Dipartimento di Scienze della Vita e dell'Ambiente - Guida degli insegnamenti (Syllabus)
A basic knowledge of genetics, zoology and ecology is required.
The course takes place during the second semester of the first year (Second Level degree in Marine biology).
The aim of the course is to depict a general view about evolution in the light of the outcome of the molecular biology and of developmental genetics, but without disregarding morphological and paleontological evidence. The importance of speciation processes and macroevolutionary trends is stressed, with examples from evolution of vertebrates adapted to marine environment.
Ability to apply the knowledge:
At the end of the course, graduates will be able i) to recognize and correctly classify the most representative species of the major taxonomic groups of marine vertebrates (agnathans, cartilaginous and bony fishes, reptiles, birds and mammals), ii) to explain the different adaptive specializations of vertebrate to marine environment; iii) apply the principles of conservation genetics to the management of species of marine vertebrates subject to commercial exploitation (fishery).
At the end of the course, students should know how biological processes like mutation, selection, migration and genetic drift are able to produce the evolutionary change. They shall also know the basic molecular methods (DNA extraction, amplification by PCR, genotyping) to monitor the genetic polymorphism of natural populations of marine vertebrates.
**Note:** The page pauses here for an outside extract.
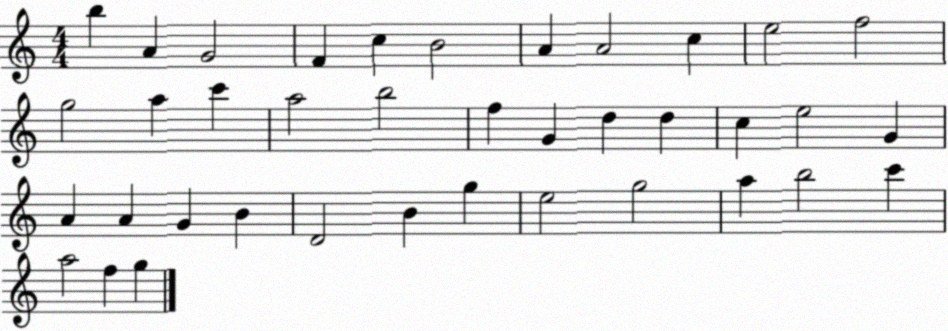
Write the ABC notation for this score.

Contents (frontal lessons, 5 CFU, 40 hours):
The coming of the modern evolutionary thought. Darwin and the natural selection; the Neo-Darwinism and the “new synthesis”; phyletic gradualism vs punctuated equilibria; the neutral theory of molecular evolution.
Classification and evolution. Definitions and examples of taxonomic characters (morphological vs molecular; general vs special adaptations); taxonomic schools (numerical taxonomy, cladistics and evolutionary taxonomy); software for phylogenetic reconstruction.
Microevolution. The Hardy-Weinberg principle; gene flow and drift; species concepts; geographic variation and speciation; speciation in marine environment; stock concepts and fishery management; principles of conservation genetics.
Macroevolution. Homeotic genes and body plan organization; the origin of the high order taxa; evolutionary trends and mass extinction. Bony fishes as an example of primary radiation in aquatic environment: origin and evolution; biological and ecological traits of marine species. Marine reptiles (turtles) and Mammals (sirenians, pinnipeds and cetaceans) as examples of recolonization of aquatic environment from terrestrial ancestors: origin and evolution; biological and ecological traits of extant species and conservation problems.
Lab practice (1 CFU, 8 hours). Methods for the identification of marine vertebrate species. Population genetics analysis (DNA extraction, amplification by PCR, genotyping).
Methods for assessing learning outcomes:
The exam is oral.
Criteria for assessing learning outcomes:
Criteria for evaluating learning will be based on the student's level of competence (acquired knowledge and capacity in exposing the subject).
Criteria for measuring learning outcomes:
The learning measurement criteria will be expressed by a scale of thirty.
Criteria for conferring final mark:
Considering enough the score 18/30, giving praise to students who have distinguished themselves for the sake of clarity and full knowledge for the matter.
Appunti di lezione
Berta A., Sumich J. L., 2006. Marine mammals. Evolutionary biology. Academic Press (second edition).
Freeman S., Herron J. C., 2014. Evolutionary analysis. Fifth edition. Pearson.
Ridley M., 2004. Evoluzione. McGraw Hill.
Futuyma D.J., 2008. L’evoluzione. Zanichelli.
Pough F. H., et al., 2014 Zoologia dei Vertebrati. Pearson.